Tiene razón de sobra el escritor valluno en su preocupación, por lo
que implica para la vida institucional de la Nación que la Fiscalía esté
adelantando investigaciones contra 16 generales del Ejército activos y
retirados, según contó la muy seria entidad norteamericana vigilante de los
Derechos Humanos, Human Rights Watch (HRW), en informe titulado El rol de los altos
mandos en falsos positivos. Aún más preocupante es saber que estarían
involucrados el actual comandante general de las Fuerzas Militares, general
Juan Pablo Rodríguez Barragán, y su homólogo en la comandancia del Ejército, general
Jaime Lasprilla. (Informe
de HRW aquí). Las acusaciones contra el general Rodríguez Barragán provienen
en parte del coronel (r) Robinson González del Río, quien afirma que aquel participó
en la falsificación de situaciones de combate y “contrató a un investigador
policial para que hiciera la acomodación en la escena”.

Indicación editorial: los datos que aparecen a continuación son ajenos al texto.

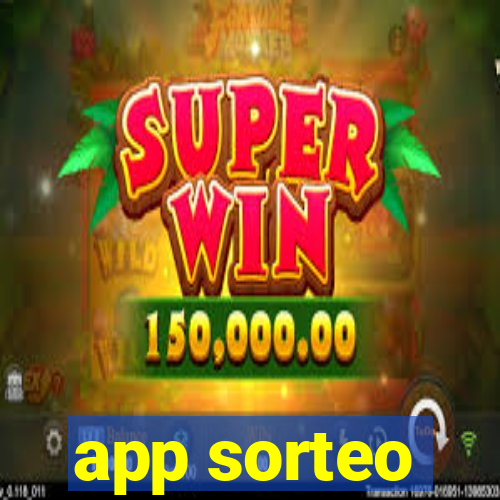 app sorteo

Son acusaciones de extrema gravedad, y fueron el motivo por el cual el
presidente Juan Manuel Santos y el procurador Alejandro Ordóñez coincidieron en
descalificar airados dicho informe, el primero pidiendo “que no nos vengan a
manchar la institución" y el segundo exigiendo del Estado –en lugar de
condenar los falsos positivos- “una condena fuerte a esas conclusiones (de HRW),
por ligeras y envenenadas”. Esto último podría oscilar entre una imprudencia
verbal o una abierta complicidad con prácticas criminales, pues Ordóñez es precisamente
el juez disciplinario de las Fuerzas Armadas y debería saber que una sentencia
del Tribunal Superior de Cundinamarca por las víctimas de Soacha elevó ese caso
a delito de lesa humanidad, al considerar que fue parte de “un plan criminal
sistemático y generalizado” contra la población civil.

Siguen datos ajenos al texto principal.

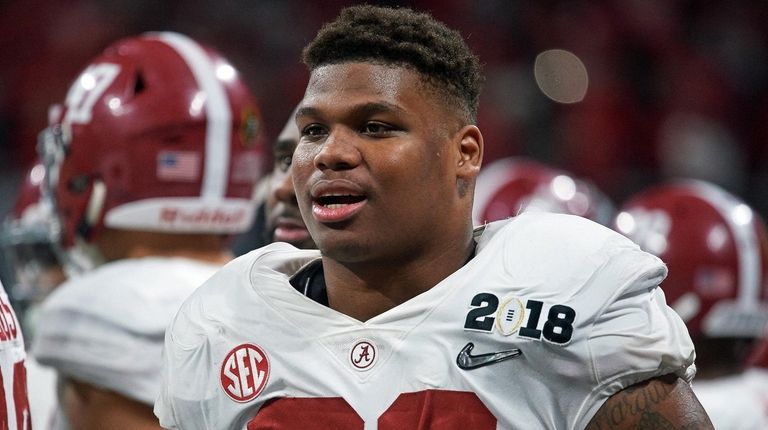 Image result for Quinnen Williams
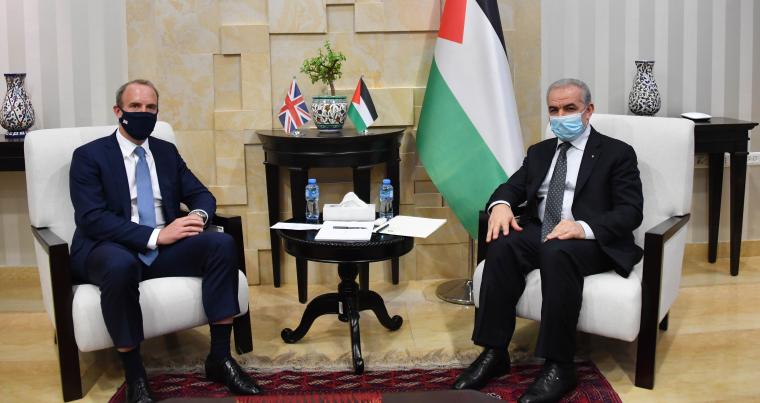 محمد اشتية و راب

Pero el colmo de la infamia no está ahí, sino en este trino que
publicó el expresidente Álvaro Uribe: “En reunión con las madres de Soacha
varias me expresaron que sus hijos estaban infortunadamente involucrados en
actividades ilegales, lo cual no excusa asesinatos, pero la hipótesis no fue
examinada por la justicia”. (Ver
trino)
¿Será posible mayor re-victimización? Aquí convierte en criminales a
las víctimas y en cómplices a sus madres, al mostrarlas como conocedoras de
supuestas conductas delictivas de los hijos que les mataron. ¿Habrá alguna
madre de Soacha que confiese que le contó a Uribe de supuestas actividades
criminales de su hijo antes de caer asesinado a manos del Ejército? No creo. Además,
si eso le hubieran dicho lo habría publicitado con bombos y tuiterazos ese
mismo día. Pero es la primera vez que lo menciona, porque es hoy cuando en su
defensa se agarra hasta de un clavo ardiendo.
El meollo de la infamia reside en que pretende descargar la culpa
sobre las víctimas para justificar esos crímenes de lesa humanidad, pero no
ante la opinión pública sino ante sus mismos autores, en tácito reconocimiento
de que supo lo que allí ocurría y de que las instrucciones que se impartieron con
tal propósito tenían legitimidad.
Hay entre esos 16 generales uno cuyo nombre brilla con luz propia,
Mario Montoya Uribe, quien era el comandante del Ejército cuando se destaparon
los falsos positivos (que precipitaron su salida), y es el mismo de quien HRW
dice que “al menos 44 presuntas ejecuciones extrajudiciales perpetradas por
soldados de la Cuarta Brigada se dieron durante el período en el cual el general
Montoya estuvo al mando.” A él también lo señala el coronel González del Río al
revelar que fue el ‘cerebro’ de las ejecuciones extrajudiciales, y a los
comandantes de las zonas a su cargo les decía: “Yo no quiero regueros de
sangre. Quiero ríos de sangre. Quiero resultados”. (Ver
confesión).
Un aspecto del informe de José Miguel Vivanco que no se puede
soslayar, es cuando se refiere al conocimiento que debió tener ese copioso
grupo de generales sobre lo que ocurría. En caso contrario sería como si
hubieran nadado en una piscina sin mojarse, en consideración a que fueron “ejecuciones
extrajudiciales aparentemente generalizadas y sistemáticas cometidas por
soldados de casi la totalidad de las brigadas en cada división de Colombia”.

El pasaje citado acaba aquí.